Data items:
=-=-=
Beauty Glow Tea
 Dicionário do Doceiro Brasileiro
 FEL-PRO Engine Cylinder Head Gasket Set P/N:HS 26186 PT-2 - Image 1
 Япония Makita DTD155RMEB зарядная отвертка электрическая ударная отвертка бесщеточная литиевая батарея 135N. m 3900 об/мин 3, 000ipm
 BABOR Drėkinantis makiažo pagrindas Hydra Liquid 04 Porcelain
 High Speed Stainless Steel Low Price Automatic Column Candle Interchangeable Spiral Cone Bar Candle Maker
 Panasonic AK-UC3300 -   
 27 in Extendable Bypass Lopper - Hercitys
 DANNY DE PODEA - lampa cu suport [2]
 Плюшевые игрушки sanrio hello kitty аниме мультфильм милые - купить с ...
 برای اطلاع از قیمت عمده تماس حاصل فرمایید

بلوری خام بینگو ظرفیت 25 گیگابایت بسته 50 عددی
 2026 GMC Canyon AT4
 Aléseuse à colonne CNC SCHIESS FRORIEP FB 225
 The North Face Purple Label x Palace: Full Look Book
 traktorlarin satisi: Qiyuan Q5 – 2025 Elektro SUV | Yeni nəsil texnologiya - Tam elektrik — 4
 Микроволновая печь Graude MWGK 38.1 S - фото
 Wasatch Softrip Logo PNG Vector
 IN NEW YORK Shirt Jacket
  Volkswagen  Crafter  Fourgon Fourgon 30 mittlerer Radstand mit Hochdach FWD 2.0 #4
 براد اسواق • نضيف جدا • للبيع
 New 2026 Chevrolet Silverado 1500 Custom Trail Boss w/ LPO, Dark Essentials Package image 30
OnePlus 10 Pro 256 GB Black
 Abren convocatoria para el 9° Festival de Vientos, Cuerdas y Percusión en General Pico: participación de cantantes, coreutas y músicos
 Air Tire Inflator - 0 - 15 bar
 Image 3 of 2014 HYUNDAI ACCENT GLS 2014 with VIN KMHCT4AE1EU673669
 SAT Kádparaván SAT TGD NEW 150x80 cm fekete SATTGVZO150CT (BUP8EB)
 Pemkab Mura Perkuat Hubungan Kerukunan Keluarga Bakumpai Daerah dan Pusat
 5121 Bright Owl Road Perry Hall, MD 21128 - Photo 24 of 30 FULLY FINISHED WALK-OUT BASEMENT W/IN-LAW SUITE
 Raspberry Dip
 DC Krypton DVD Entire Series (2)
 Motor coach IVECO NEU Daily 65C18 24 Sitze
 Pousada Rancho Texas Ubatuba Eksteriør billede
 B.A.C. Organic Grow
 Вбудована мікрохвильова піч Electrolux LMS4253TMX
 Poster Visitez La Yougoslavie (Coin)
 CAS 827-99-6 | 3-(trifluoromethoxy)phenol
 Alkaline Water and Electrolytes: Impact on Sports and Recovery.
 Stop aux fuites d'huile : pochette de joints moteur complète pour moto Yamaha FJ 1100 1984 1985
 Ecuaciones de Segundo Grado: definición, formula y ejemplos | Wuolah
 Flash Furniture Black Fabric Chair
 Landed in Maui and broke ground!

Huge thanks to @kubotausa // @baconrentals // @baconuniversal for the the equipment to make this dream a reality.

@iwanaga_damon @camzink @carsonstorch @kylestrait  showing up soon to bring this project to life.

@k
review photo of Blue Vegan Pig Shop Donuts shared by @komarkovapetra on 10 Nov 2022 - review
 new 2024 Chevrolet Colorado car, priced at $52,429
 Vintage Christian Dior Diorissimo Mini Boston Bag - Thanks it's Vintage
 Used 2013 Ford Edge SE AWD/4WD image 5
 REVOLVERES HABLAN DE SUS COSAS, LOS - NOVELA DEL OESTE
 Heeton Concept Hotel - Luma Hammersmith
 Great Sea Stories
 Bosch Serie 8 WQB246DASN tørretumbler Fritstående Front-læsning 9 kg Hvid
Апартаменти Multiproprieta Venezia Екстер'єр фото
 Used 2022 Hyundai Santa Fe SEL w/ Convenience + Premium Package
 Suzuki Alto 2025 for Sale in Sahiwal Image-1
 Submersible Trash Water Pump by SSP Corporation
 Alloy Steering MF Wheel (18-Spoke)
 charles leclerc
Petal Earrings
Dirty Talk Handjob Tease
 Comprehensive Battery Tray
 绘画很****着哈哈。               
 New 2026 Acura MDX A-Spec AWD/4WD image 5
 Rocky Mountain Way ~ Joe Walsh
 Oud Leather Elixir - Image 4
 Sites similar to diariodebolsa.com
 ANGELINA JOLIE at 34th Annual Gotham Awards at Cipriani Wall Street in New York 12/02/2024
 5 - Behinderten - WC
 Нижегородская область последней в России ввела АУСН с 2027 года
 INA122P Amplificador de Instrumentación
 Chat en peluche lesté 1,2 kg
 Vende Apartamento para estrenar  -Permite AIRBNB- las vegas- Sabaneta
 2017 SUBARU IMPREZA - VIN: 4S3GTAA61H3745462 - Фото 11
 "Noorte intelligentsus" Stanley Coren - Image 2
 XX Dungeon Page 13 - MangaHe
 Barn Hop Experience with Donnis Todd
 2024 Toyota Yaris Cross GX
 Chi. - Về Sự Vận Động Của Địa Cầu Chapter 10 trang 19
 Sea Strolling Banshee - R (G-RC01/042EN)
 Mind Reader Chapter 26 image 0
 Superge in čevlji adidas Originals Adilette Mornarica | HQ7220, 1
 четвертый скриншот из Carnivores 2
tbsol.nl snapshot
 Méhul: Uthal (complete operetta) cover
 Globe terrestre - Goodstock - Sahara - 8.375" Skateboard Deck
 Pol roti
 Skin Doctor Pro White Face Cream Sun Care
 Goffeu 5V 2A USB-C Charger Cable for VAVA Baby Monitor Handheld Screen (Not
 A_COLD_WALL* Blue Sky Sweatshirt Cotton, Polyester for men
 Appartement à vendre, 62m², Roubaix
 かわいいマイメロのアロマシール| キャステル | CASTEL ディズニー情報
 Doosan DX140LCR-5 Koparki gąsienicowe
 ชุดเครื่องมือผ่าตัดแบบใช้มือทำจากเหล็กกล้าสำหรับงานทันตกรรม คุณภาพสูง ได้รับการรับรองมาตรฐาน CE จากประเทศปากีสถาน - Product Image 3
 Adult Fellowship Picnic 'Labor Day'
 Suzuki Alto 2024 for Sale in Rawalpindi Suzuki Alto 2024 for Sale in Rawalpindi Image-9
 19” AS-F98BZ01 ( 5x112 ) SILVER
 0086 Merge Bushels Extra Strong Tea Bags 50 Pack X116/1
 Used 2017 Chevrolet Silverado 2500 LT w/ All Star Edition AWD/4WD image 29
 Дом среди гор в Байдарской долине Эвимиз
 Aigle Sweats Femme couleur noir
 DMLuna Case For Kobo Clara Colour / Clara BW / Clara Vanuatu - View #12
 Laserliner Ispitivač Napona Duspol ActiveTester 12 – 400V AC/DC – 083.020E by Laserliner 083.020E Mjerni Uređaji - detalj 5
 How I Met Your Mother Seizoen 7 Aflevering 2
=-=-=
**What you are asked to do**.
From the records above, quote only the lines running from the line with "Hochdach FWD 2.0 #4" to the line with "Flash Furniture Black Fabric Chair", both lines included.

**Exercise result**.
  Volkswagen  Crafter  Fourgon Fourgon 30 mittlerer Radstand mit Hochdach FWD 2.0 #4
 براد اسواق • نضيف جدا • للبيع
 New 2026 Chevrolet Silverado 1500 Custom Trail Boss w/ LPO, Dark Essentials Package image 30
OnePlus 10 Pro 256 GB Black
 Abren convocatoria para el 9° Festival de Vientos, Cuerdas y Percusión en General Pico: participación de cantantes, coreutas y músicos
 Air Tire Inflator - 0 - 15 bar
 Image 3 of 2014 HYUNDAI ACCENT GLS 2014 with VIN KMHCT4AE1EU673669
 SAT Kádparaván SAT TGD NEW 150x80 cm fekete SATTGVZO150CT (BUP8EB)
 Pemkab Mura Perkuat Hubungan Kerukunan Keluarga Bakumpai Daerah dan Pusat
 5121 Bright Owl Road Perry Hall, MD 21128 - Photo 24 of 30 FULLY FINISHED WALK-OUT BASEMENT W/IN-LAW SUITE
 Raspberry Dip
 DC Krypton DVD Entire Series (2)
 Motor coach IVECO NEU Daily 65C18 24 Sitze
 Pousada Rancho Texas Ubatuba Eksteriør billede
 B.A.C. Organic Grow
 Вбудована мікрохвильова піч Electrolux LMS4253TMX
 Poster Visitez La Yougoslavie (Coin)
 CAS 827-99-6 | 3-(trifluoromethoxy)phenol
 Alkaline Water and Electrolytes: Impact on Sports and Recovery.
 Stop aux fuites d'huile : pochette de joints moteur complète pour moto Yamaha FJ 1100 1984 1985
 Ecuaciones de Segundo Grado: definición, formula y ejemplos | Wuolah
 Flash Furniture Black Fabric Chair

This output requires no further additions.